### Data ###

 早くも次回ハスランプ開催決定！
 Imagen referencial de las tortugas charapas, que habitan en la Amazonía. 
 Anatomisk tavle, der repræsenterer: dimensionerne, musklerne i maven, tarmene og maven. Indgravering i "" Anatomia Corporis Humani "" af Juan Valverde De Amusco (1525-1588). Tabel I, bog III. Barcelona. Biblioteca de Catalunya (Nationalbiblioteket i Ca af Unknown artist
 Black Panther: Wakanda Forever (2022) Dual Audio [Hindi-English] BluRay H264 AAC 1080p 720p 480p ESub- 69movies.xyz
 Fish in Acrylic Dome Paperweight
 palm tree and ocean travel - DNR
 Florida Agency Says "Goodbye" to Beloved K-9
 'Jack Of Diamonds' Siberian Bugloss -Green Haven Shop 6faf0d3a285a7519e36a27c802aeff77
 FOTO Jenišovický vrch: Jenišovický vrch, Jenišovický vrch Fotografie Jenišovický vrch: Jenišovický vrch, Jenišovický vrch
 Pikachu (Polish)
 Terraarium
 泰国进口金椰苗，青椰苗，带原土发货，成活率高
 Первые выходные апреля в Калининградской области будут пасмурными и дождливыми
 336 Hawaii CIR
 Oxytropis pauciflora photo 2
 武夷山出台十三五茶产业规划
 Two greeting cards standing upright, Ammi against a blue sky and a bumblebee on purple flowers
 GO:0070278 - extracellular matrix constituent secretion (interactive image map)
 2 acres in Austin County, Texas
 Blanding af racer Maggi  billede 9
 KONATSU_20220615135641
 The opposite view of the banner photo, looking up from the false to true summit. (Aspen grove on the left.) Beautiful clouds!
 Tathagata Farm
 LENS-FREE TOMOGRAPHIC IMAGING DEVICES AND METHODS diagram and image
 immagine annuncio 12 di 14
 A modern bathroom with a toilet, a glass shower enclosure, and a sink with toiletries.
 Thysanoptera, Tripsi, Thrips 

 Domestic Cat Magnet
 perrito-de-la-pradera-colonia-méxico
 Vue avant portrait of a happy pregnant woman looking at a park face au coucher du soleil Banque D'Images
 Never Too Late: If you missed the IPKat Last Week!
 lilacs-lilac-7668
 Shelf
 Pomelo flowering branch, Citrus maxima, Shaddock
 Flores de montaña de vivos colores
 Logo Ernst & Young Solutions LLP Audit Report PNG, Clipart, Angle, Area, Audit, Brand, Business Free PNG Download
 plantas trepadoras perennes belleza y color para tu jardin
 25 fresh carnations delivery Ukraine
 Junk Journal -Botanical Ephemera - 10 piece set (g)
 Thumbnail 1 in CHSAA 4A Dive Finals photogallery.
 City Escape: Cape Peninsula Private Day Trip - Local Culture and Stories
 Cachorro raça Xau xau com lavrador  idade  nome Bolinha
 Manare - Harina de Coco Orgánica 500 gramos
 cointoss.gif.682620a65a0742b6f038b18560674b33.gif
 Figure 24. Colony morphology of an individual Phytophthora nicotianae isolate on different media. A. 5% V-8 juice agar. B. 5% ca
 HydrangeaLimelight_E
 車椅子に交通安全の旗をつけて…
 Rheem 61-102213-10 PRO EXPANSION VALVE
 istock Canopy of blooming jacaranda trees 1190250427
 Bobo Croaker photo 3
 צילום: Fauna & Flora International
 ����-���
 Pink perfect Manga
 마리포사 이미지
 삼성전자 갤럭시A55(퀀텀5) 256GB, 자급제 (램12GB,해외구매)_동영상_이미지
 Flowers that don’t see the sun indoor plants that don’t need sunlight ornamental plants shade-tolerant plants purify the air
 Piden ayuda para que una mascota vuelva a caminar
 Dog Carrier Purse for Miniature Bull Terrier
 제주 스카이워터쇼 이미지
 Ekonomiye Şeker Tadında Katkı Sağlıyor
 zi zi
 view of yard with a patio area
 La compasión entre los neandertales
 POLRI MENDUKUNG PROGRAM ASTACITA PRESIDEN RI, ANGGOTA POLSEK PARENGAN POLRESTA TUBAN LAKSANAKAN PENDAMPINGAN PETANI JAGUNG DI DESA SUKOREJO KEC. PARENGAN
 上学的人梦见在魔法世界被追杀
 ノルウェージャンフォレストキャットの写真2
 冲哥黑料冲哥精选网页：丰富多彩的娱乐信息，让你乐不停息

###

▶ About this task: Among the lines of the data, find every one that holds "view" and copy it.

▶ Written reply:
 The opposite view of the banner photo, looking up from the false to true summit. (Aspen grove on the left.) Beautiful clouds!
 view of yard with a patio area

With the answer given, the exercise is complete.